STONE AGE WEAPONS FOUND ON BOTTOM OF THE NORTH SEA

Stone age bones and axes found off Norfolk coast

The weapons of the stone age Norfolk men who hunted mammoths on what is now the bed of the North Sea have turned up in Holland, spotted by an amateur archaeologist in a load of gravel. The 28 finely worked hand axes are believed to date from at least 50,000-60,000
years ago - possibly far older - and were described by archaeologist Phil Harding as "the single most important find of ice age material from below the North Sea".

The lower sea level at the time, with huge volumes of water locked up in the ice age polar ice caps, meant that the area the tools were dredged from, eight miles off Great Yarmouth and under 25 metres of seawater, was then dry land, and Britain was not yet an island.

They were found by an amateur enthusiast, Jan Meulmeester, who regularly hunts through the marine sand and gravel dredged near his home in Flushing, in the south-western Netherlands.

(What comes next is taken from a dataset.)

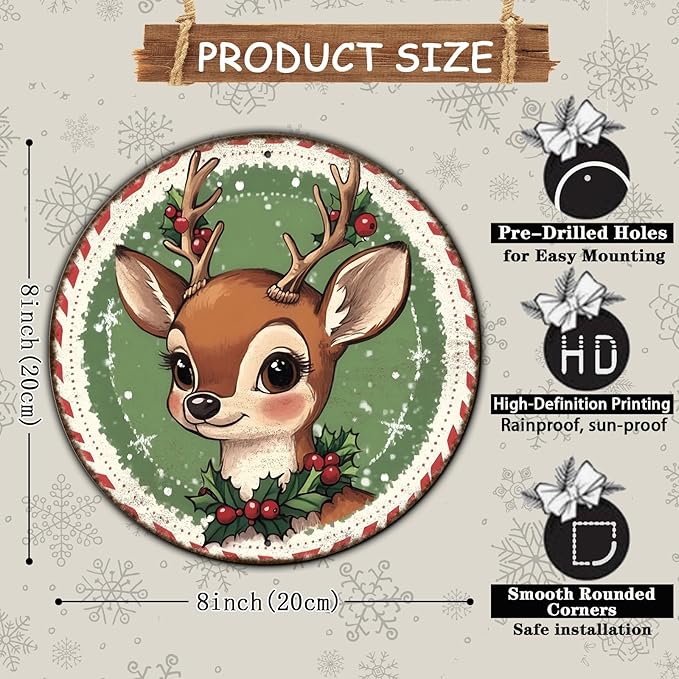 Round Retro Reindeer Metal Tin Sign - Image 2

The North Sea is of immense value to archaeologists and is the largest area of drowned landscape in Europe. "It's vital that parts of it should be considered as a potential World Heritage site," said Professor Vince Gaffney of the University of Birmingham, a leading
authority on North Sea archaeology. Professor Chris Stringer, Research Leader in Human Origins at the Natural History Museum, said: "The quality and quantity of material from the North Sea shows what a rich resource it is for helping to reconstruct missing phases of our
prehistory." Detailed archaeological research at the bottom of the North Sea would be likely to solve a host of Stone Age mysteries. It should help establish when Britain was recolonised by humans after a 100,000-year uninhabited period.

English Heritage archaeologists are now joining their counterparts in the Netherlands to study the find. What is exciting the experts this time is that the fact that the axes were dredged up with a quantity of silt means they have probably been lying buried in mud exactly where they were dropped so many millennia ago.